#### INFORMATION GIVEN:

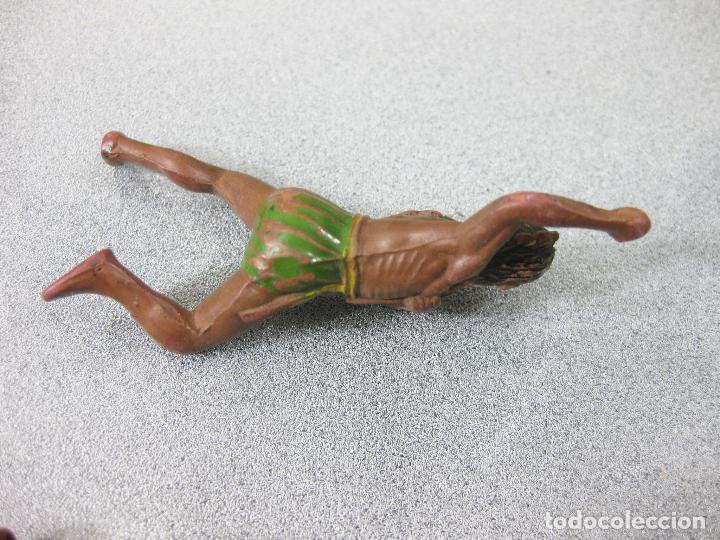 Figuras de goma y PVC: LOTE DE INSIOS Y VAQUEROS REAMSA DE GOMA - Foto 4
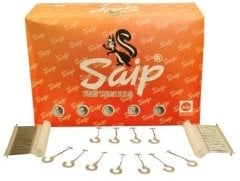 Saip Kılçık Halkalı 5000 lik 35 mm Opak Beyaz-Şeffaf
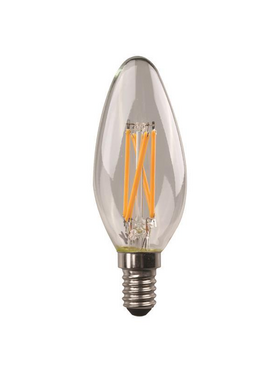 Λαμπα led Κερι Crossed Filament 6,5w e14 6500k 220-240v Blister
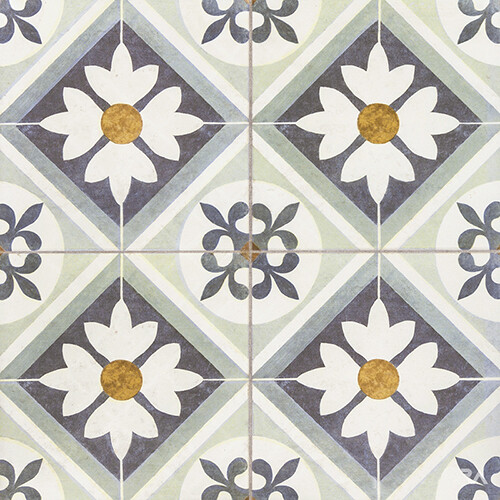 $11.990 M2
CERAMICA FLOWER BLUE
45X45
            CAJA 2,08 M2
==
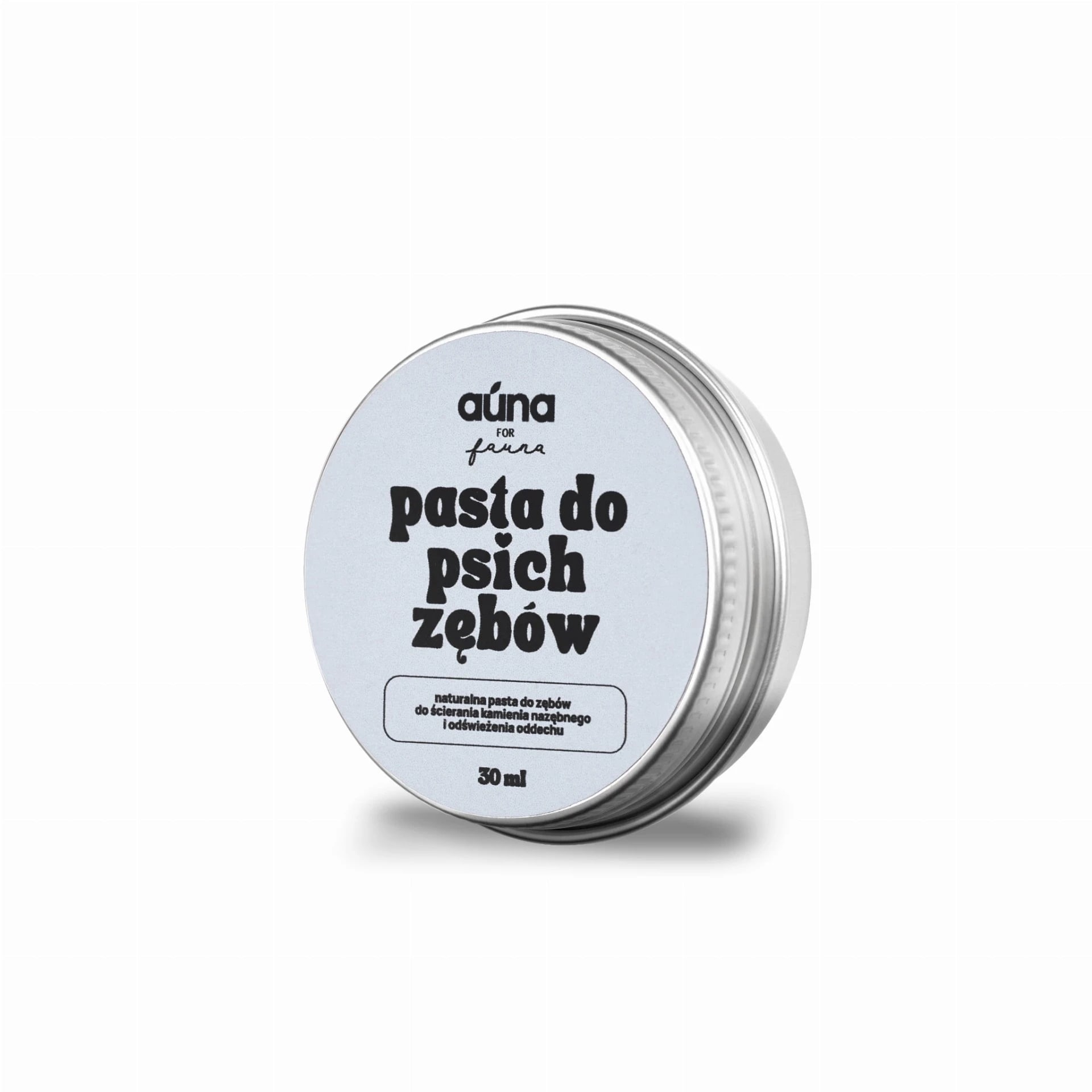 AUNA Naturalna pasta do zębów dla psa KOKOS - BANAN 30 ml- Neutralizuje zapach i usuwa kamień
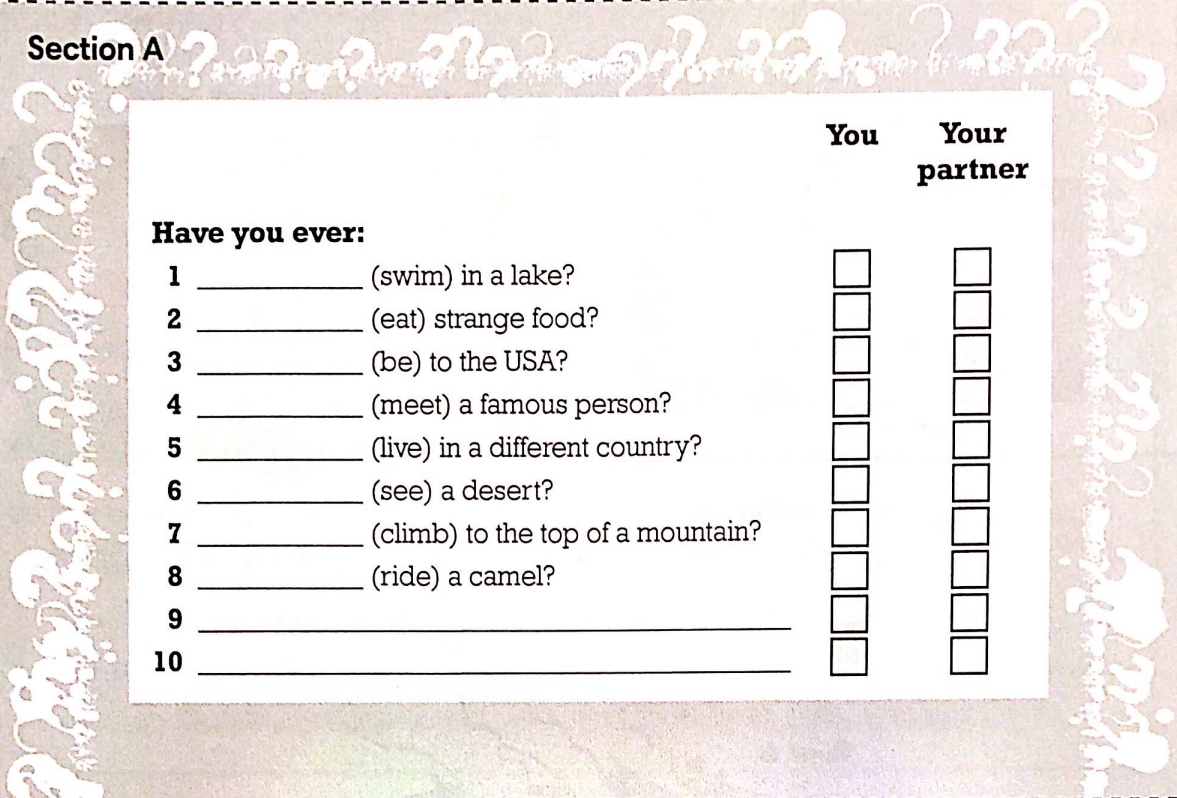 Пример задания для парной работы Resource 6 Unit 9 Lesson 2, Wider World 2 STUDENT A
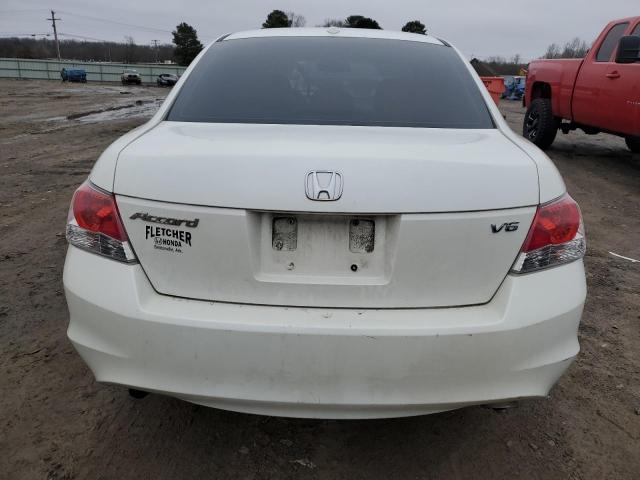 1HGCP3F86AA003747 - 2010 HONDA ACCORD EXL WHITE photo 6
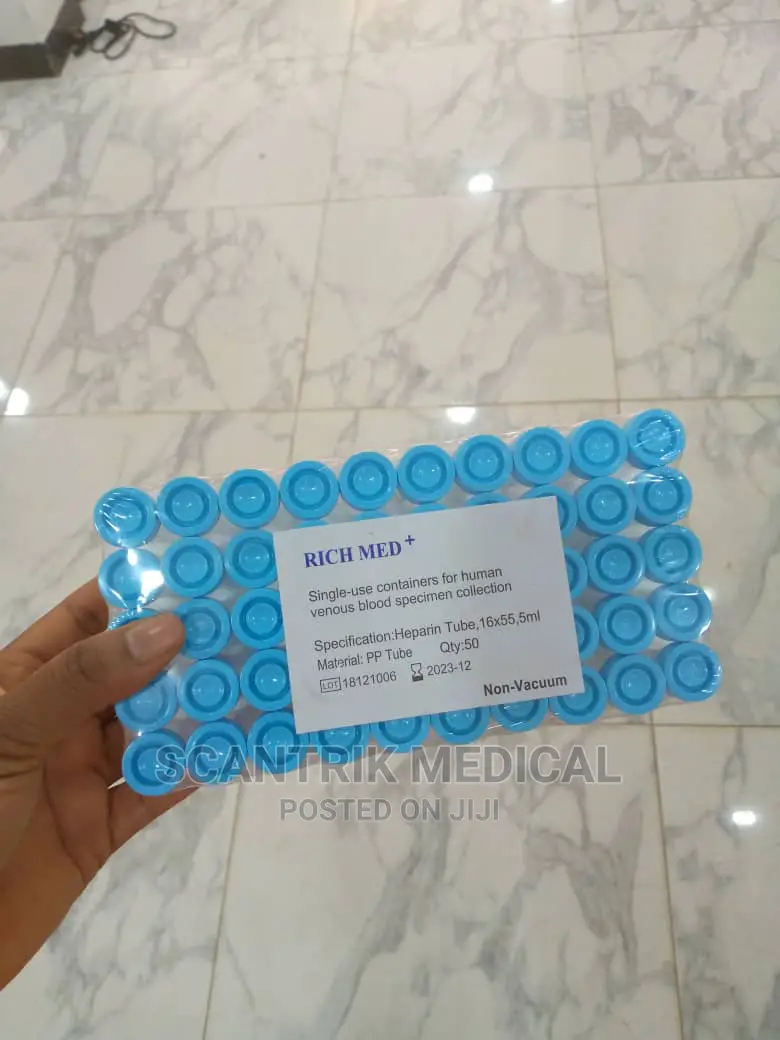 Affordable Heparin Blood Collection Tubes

#### TASK DETAILS:
Skip every picture, and restate word for word only the lines above from the line containing "Figuras de goma" to the line containing "CAJA 2,08 M2", both of them included.

#### YOUR RESPONSE:
 Figuras de goma y PVC: LOTE DE INSIOS Y VAQUEROS REAMSA DE GOMA - Foto 4
 Saip Kılçık Halkalı 5000 lik 35 mm Opak Beyaz-Şeffaf
 Λαμπα led Κερι Crossed Filament 6,5w e14 6500k 220-240v Blister
 $11.990 M2
CERAMICA FLOWER BLUE
45X45
            CAJA 2,08 M2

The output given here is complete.